_Information shown:_
========================================

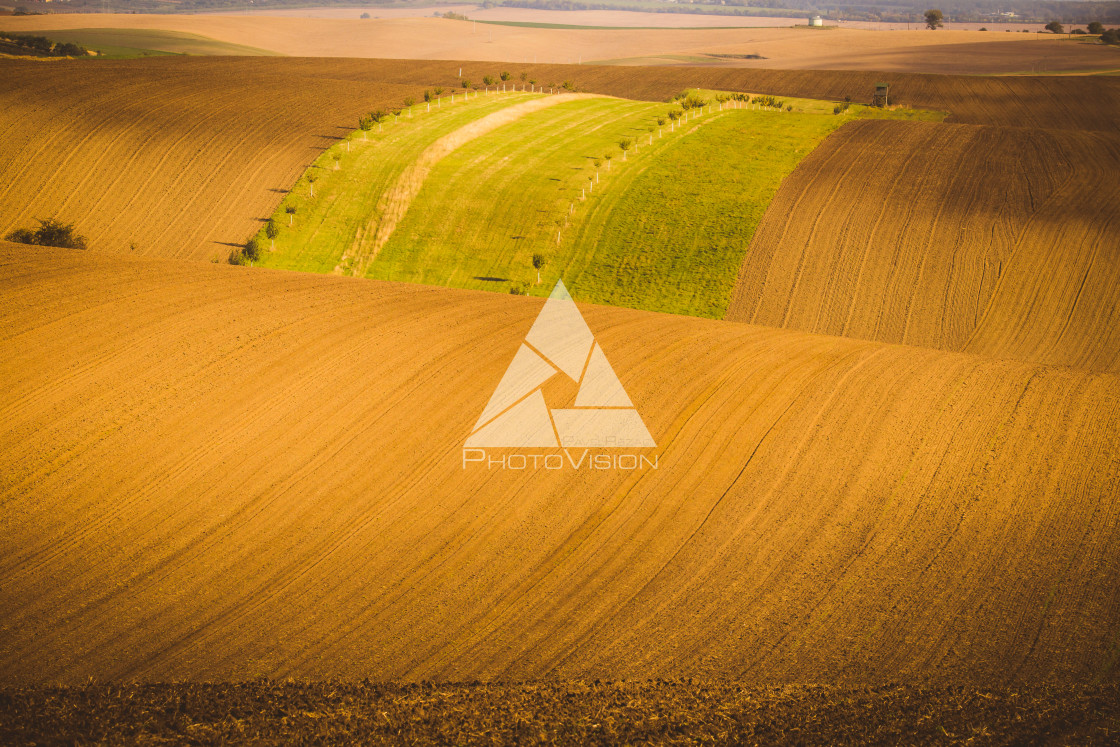 "Wavy autumn fields in Moravian Tuscany, Czech Republic" stock image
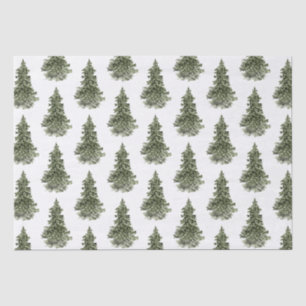 Woodland Forest Spruce Tree Tissue Paper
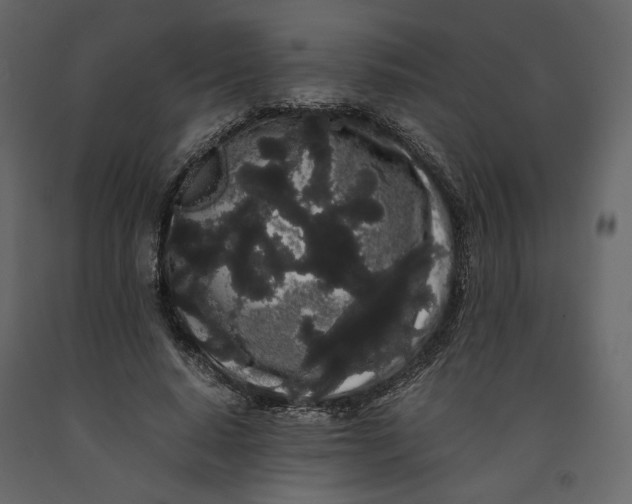 X0000091240640200708231718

========================================

Copy out every line of the data exactly, leaving the images behind.

_Response to the task:_
 "Wavy autumn fields in Moravian Tuscany, Czech Republic" stock image
 Woodland Forest Spruce Tree Tissue Paper
 X0000091240640200708231718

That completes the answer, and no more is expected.